Davranışsal: Piyasa temelli araçsal değerlerin, 'doğru olanı yapmak' için içsel, yurttaşlık değerlerimizi aşındırdığı ve bozduğu kanıtlanmıştır.

- Harvard profesörü ve filozof Michael Sandel gibi pek çok akademisyen, eşit olmayan ekonomik arka plan koşullarında yürütülen piyasa temelli sistemlerin, gerçekten gönüllü olmayan seçimleri nasıl 'zorladığını' belgeledi. Burada, yerel bir topluluk üyesiyle yaptığım bir konuşmanın kişisel anekdotunu hatırladım: “Karbon piyasasıyla savaşmak için karbon piyasasına giriyoruz. Bu güçler ne olursa olsun geliyor, bu yüzden oyunu oynasak iyi olur”.

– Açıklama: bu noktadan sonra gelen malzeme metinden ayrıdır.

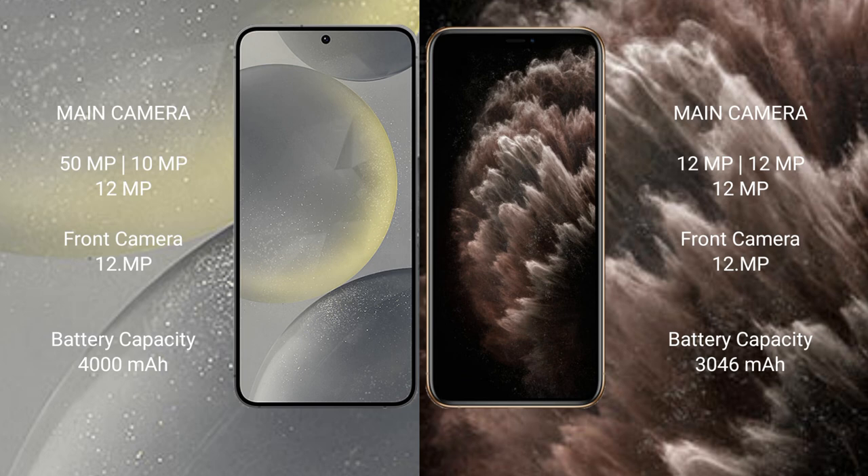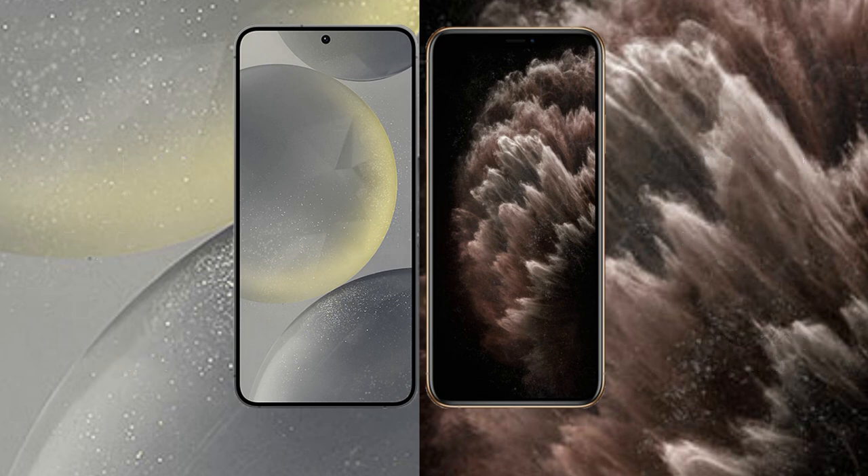The Samsung Galaxy S24 has a 4000mAh battery with 25-watt fast charging support. The iPhone 11 Pro has a 3046mAh battery with 20-watt fast charging support.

- Benzer şekilde araştırmalar, ahlaki değerlerin piyasa değeri ve mübadele yoluyla bozulabileceğini kanıtlamıştır. Piyasa normları, piyasa dışı normları dışlayabilir. Kirlilik konusunda küresel piyasalar etkili olabilir, ancak "bir yurttaşlık yükümlülüğünü dışarıdan temin ederler" ve sorumlu bir çevre etiğinin gerektirdiği ortak kısıtlama ve fedakarlık ruhunu baltalarlar. Ve öyle görünüyor ki, parasal bir ödeme, zamanında ortaya çıkma konusundaki ahlaki yükümlülüğü bir kez aşındırdığında, eski sorumluluk duygusunu yeniden canlandırmak zorlaşıyor ( What Money Can't Buy: The Moral Limits to Markets ).

- Ekonomist Fred Hirsch, bir ürün veya hizmetin "gayri resmi mübadele, karşılıklı yükümlülük, özgecilik veya sevgi veya hizmet veya yükümlülük duyguları gibi başka bir temelden ziyade" ticari şartlarla tedarik edilmesinin değiştiği buna "ticarileştirme etkisi" adını verdi. BT. Sivil erdem, fedakarlık, dayanışma - kullan ya da kaybet. Piyasalar bu kasları çalıştırmamıza yardımcı olmuyor.

Sosyal: Bu tür pazarların vaat edilen mali ödülleri, zaten varlıklı olan aktörleri desteklemeye hizmet edecek ve toprakta yaşayan topluluklara damlatılmayacaktır.

Sistematik: Serbest piyasayı, neoliberalizmi, gücü ve üstel büyüme varsayımlarını sorgulayan daha derin dünya görüşü değişimine (Conservation Revolution — Bram Buscher ve Robert Fletcher) değinmediği sürece, bunların hepsi bir dikkat dağıtıcıdır.

Son iki nokta için, karbon kovboyları fenomenini, yerli halkın topraklarından sürülmesini ve insanlar araziyi eski haline getirmekten ve (bazen şüpheli) karbonu talep etmekten makul bir kâr elde edebileceğinizi fark ettiklerinde dünya genelinde meydana gelen toprak gaspını düşünün. yükseltme Bence çoğu insan, en yüksek potansiyelimizin birbirimizle ve doğayla içsel, ilişkisel değerlerde yattığı, bir ormanla fiyatı nedeniyle değil, doğru ilişki içinde yaşamayı istediğimiz bir dünyada yaşamak istedikleri konusunda hemfikirdir. veya bizim adımıza bir gelir elde edebilir, ancak ormana karşı bir akrabalık ve bakım duygusu hissettiğimiz için.